編集長Gです、この企画実行を決意したのは先月半ばのこと。
新作「TOUR B JGR」の取材をブリヂストンスポーツでお世話になった時、ゴルフボールのメカニズムについて取材の番外戦となった。
そのコミュニケーションから見識を深めれば深めるほどに、ゴルフボールの重要性に気付かせられる中、BUZZの先にいる全てのアマチュアゴルファーにそれを知っていただきたいという衝動に駆られたのがきっかけである。
ゴルフボールはモデル毎でその性能が大きく違うこと、そしてゴルフボールを厳選しなければいけないことをこの特集を通して知っていただければ嬉しい。
写真=田中 宏幸、aflo
取材協力=ブリヂストンスポーツ
ブライソン・デシャンボーのパワーゲームが注目されている。
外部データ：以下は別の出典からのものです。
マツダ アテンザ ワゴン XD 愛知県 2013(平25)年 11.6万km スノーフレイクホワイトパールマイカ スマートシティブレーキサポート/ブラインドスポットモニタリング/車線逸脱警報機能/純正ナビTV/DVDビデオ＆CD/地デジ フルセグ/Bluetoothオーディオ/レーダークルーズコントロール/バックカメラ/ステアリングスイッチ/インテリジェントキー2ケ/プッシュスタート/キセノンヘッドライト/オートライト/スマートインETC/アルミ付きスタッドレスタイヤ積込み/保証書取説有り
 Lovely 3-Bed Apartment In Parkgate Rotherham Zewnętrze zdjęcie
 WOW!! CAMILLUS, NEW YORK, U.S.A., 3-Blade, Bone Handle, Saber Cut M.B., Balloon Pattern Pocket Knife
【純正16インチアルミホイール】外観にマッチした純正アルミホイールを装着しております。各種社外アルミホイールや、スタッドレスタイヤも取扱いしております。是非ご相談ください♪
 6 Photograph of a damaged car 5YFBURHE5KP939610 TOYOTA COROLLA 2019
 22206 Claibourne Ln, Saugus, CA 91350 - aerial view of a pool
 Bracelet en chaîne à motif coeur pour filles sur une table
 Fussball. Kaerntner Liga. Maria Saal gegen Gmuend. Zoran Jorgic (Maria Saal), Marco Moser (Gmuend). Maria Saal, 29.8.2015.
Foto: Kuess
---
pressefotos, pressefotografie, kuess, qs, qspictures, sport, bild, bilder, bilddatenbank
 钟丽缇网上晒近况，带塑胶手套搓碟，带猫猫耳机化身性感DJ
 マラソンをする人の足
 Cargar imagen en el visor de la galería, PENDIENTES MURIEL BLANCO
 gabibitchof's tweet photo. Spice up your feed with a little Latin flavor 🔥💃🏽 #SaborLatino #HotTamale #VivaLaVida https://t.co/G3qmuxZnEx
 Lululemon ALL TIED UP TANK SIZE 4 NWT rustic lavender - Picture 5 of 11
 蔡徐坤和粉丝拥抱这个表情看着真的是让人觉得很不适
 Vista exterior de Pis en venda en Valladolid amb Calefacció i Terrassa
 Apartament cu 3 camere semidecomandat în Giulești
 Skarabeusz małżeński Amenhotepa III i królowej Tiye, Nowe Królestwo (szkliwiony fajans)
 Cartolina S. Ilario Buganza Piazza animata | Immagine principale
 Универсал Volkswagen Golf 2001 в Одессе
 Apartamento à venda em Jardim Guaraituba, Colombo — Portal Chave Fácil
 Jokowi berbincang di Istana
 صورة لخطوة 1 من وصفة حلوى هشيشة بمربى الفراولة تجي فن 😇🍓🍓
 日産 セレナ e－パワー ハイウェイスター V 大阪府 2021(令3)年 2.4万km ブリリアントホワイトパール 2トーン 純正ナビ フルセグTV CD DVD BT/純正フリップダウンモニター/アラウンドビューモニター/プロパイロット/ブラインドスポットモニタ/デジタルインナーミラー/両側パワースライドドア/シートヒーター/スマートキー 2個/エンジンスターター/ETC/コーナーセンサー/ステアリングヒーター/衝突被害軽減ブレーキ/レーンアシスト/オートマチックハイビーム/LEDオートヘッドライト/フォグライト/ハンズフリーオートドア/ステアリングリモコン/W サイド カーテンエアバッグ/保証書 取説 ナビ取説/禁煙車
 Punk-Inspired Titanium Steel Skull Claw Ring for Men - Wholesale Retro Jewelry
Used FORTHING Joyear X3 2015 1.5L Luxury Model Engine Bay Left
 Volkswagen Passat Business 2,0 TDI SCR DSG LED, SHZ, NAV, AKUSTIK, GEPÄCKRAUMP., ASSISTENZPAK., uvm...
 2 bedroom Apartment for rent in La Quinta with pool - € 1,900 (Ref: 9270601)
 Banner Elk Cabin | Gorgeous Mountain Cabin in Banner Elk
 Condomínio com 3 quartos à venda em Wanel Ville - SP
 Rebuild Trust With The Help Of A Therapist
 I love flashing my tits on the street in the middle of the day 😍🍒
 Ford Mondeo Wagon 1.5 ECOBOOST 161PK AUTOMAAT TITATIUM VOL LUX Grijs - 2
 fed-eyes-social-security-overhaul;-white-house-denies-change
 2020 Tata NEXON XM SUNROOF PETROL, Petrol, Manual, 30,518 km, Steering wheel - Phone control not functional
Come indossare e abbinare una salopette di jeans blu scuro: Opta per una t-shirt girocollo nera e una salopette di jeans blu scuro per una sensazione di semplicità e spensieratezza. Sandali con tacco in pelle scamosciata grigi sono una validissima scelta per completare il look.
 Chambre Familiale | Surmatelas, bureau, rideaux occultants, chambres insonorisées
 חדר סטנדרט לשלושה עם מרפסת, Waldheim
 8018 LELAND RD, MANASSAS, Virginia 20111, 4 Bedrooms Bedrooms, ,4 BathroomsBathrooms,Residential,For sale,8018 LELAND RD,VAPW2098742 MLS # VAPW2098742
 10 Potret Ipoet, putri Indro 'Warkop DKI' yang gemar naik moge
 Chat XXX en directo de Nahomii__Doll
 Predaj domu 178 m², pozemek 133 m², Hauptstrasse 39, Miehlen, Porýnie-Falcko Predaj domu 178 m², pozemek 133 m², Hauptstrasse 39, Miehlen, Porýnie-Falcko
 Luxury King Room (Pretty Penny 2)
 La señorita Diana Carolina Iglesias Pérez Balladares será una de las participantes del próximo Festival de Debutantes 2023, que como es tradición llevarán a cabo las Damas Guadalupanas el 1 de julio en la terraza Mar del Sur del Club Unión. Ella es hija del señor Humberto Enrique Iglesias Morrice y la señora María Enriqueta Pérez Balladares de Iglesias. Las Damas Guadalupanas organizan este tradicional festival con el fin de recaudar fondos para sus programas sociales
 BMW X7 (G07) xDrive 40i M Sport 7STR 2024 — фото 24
もちろん強靭なフィジカルが為せるパフォーマンスだが、インパクトからの初期条件を弾道として飛翔させるのはゴルフボールの役目。彼は「TOUR B X」をベストボールとしている。
ゴルフボールの教科書[担当教師]
ブリヂストンスポーツ株式会社商品企画1部
ボール商品企画ユニット
佐藤 克典さん
ツアーで戦うトッププロたちがゴルフボールにこだわっていることは、もうご存知のことだろう。
BUZZでも様々な企画を通してプロのこだわりからゴルフボールの重要性について啓発してきた。しかし、私を含む一般アマチュアゴルファーにとって、まだその重要さが十分に認知されているとは言えないのが現実だ。
大きな理由はプロや上級者に比べて不安定なショットスキルにある。
インパクトが不安定かつ、安定して真っ直ぐ飛ばせない中では、『ゴルフボールは何でもいい』と、優先度が全ての後回しになってしまいがち。しょうがない話でもある・・・。
「例えばスライスに悩むゴルファーが弾道を安定させるなら、つかまりのいいドライバーを選びますよね。それと同じようにスピン量(サイドスピン)を抑制できるゴルフボールを選ぶことで、弾道が改善できることをもっと私たちは知っていただきたいです」。
ゴルフボールはモデルが異なれば、そのパフォーマンスは大きく変わるとブリヂストンの佐藤さんはいう。自分にとって有利なボールを選んで欲しいというのが、全てのゴルフボールメーカーの願いだと代弁する。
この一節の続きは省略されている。